El duelo de la maternidad
Cuando la pareja no puede tener ese hijo o hijos tan deseados, hacer el duelo de la maternidad no es fácil para una esposa. Y la adopción le puede parecer como una oportunidad de desplegar su formidable capital de ternura, no solo para colmar su necesidad de ejercer de madre, sino también para permitir a un niño convertirse en un adulto feliz y pleno.
Porque la fecundidad no es solamente biológica, es también educativa: el niño no está terminado en el nacimiento, necesita todavía ser “alumbrado” en sus inmensas potencialidades.
Los temores del hombre
Dicho esto, es necesario que la esposa sepa escuchar también al esposo. Que escuche sus reticencias, por ejemplo. Frente a la paternidad, hay todo tipo de situaciones.

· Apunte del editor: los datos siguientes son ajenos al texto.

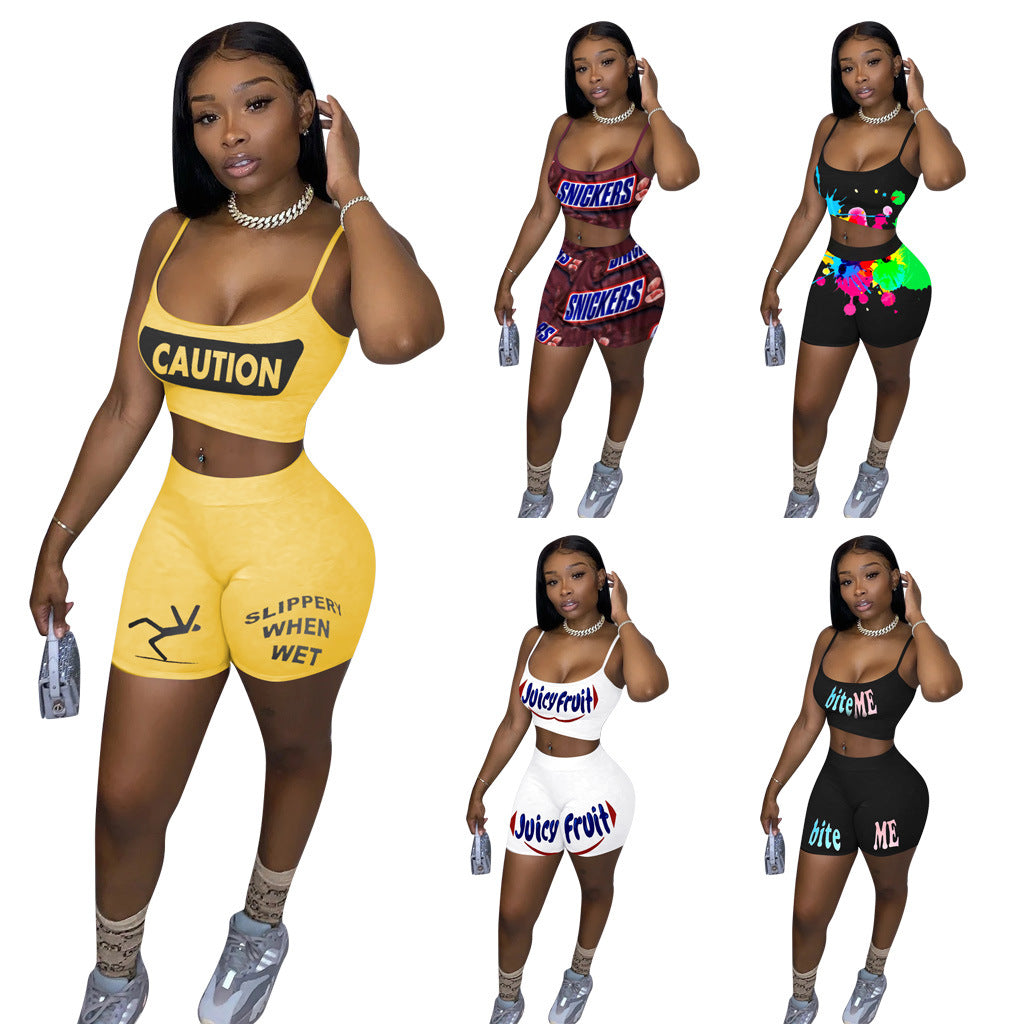 Ladies' Letter Printed Shorts and Top Two Piece Set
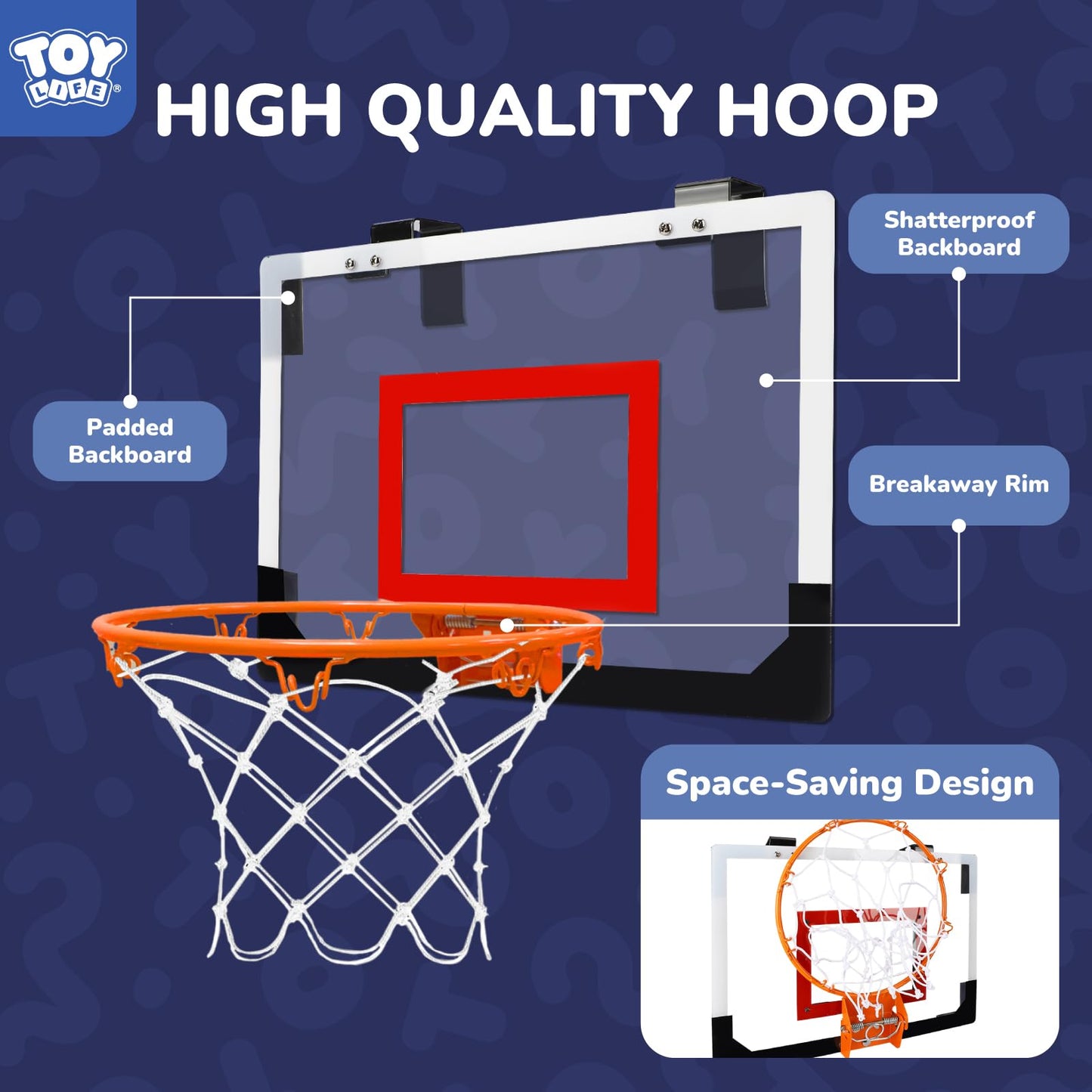 TOY Life Indoor Basketball Hoop Over The Door – Mini Door Mount with 4 Balls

Aunque hay hombres que desean absolutamente tener descendencia, otros no están tan necesitados de un hijo.
Los hay incluso que temen que el niño acapare a su mujer, convertida más en madre que en esposa. Muy a menudo, es el niño el que “hace” al padre, el que despierta en él la alegría de ser padre, el que termina por enamorarle con sus primeras sonrisas, sus primeros mimos y sus sorprendentes progresos.
Es fácilmente comprensible que, si a veces existen reticencias incluso para una paternidad biológica, las dudas pueden salir más a la luz frente a una posible adopción. Tanto más cuanto que la adopción puede plantear problemas.
Dios sabe si, personalmente, deseo que unos niños abandonados puedan conocer la alegría de ser acogidos en la calidez de una familia. Pero una adopción puede comportar también su lote de dificultades e incluso decepciones penosas y hay que contrapesar bien las exigencias antes de tomar una decisión así.
El miedo a la adopción puede superarse
Así, el niño adoptado puede tener una agresividad profunda e inconsciente. Siente reproche hacia su madre biológica por haberle abandonado, pero también hacia los padres adoptivos, considerados como los que se lo habrían quitado a esta madre.
Pienso en ese recién adoptado, venido del Caribe; en sus padres adoptivos que le explican que su madre biológica, demasiado pobre, incapaz de alimentarle, y él respondiendo severamente: “¡Únicamente teníais que darle dinero a mi madre para que ella se quedara conmigo!”.
El niño adoptado puede también pensar que el entorno social de su familia de adopción no es el suyo y experimentar la necesidad de ir a encontrar su “verdadero” entorno: el de los pobres, cuando no el de los marginados. Y de todas formas, existe ese vínculo visceral con la madre o el padre biológicos que el niño desea ardientemente encontrar: va a fantasear sobre su imagen, cuando no sabe en absoluto quiénes son.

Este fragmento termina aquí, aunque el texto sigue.